14 de outubro de 2009 6

Diego Forlán, esperança celeste contra o estropiado exército de Maradona/Martin Mejia, AP
Na Copa do Mundo de 1930, no começo de tudo, a Celeste, então Olímpica, goleou os vizinhos argentinos. Enfiou quatro gols no que seria conhecido oito décadas depois o clássico mais antigo do futebol sul-americano.

O mais importante é Brasil e Argentina.

Uruguai nunca perdeu um jogo em casa para a Argentina em Eliminatórias. O pessimismo é moeda corrente em Buenos Aires e suas provícias.

A volta do clássico, turbinado por uma vaga na Copa do Mundo de 2010, é uma novidade. O enfrentamento andava esquecido, abandonado pela ineficiência uruguaia. Seus futuros jogadores deixam o país bem antes dos 20 anos. Nas eliminatórias da Copa da Alemanha, o país foi eliminado num mata-mata pela Austrália.

A volta do Uruguai, e como favorito, deve ser saudado. Aplaudida de pé. Penharol e Nacional foram dois dos maiores times da América, do mundo, no último século do milênio passado.

A Argentina ainda ostenta os melhores jogadores. Messi é o melhor e mais caro entre todos os de outras nações. Mas é um time desestruturado, desorganizado, sem comando.

Maradona tenta fazer o papel de técnico. Sua inteligência e experiência tática não permitem.

A Argentina perdeu suas três partidas fora do país nas Eliminatórias. Caiu na Bolívia, no Equador e no Paraguai. Sofreu nove gols, fez um.

O valor da Argentina está no seu grupo. A diferença está nos pés de Messi, um Maradona renascido. A certeza do Uruguai está na mão do técnico Oscar Tabárez, que usa tanto o 3-5-2, com sucesso em Quito, quanto o 4-4-2. Seu time não tem mistérios: Muslera; Scotti, Lugano e Cáceres; Maxi Pereira, Diego Pérez, Gargano, Jorge Rodríguez e Álvaro Pereira; Luis Suárez e Forlán.

O vencedor entra
direto na Copa. O perdedor poderá ver a Copa da TV se o Equador ganhar do Chile em Santiago. Se pintar um empate, Uruguai e Argentina dependerão do resultados dos equatorianos.
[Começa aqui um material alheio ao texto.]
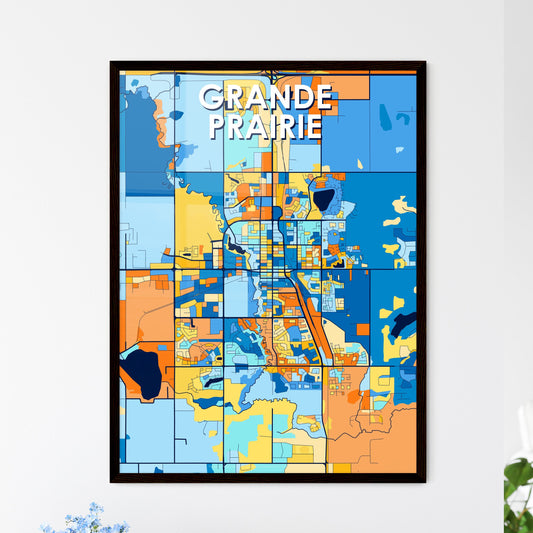 GRANDE PRAIRIE CANADA Vibrant Colorful Art Map Poster Blue Orange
Maradona convocou 78 jogadores nas Eliminatórias. Escalou 35 em sete partidas. Não tem nem um time titular. Talvez seja por isto que 84% dos argentinos o querem longe da Seleção, na África ou vergonhosamente fora dela.

O clássico renasce e será comentado durante gerações. Maradona vai para o tudo ou nada. Se perder, será a derrota da sua vida. Será como a tatuagem de Che Guevara que carrega num dos seus braços. Não sai mais.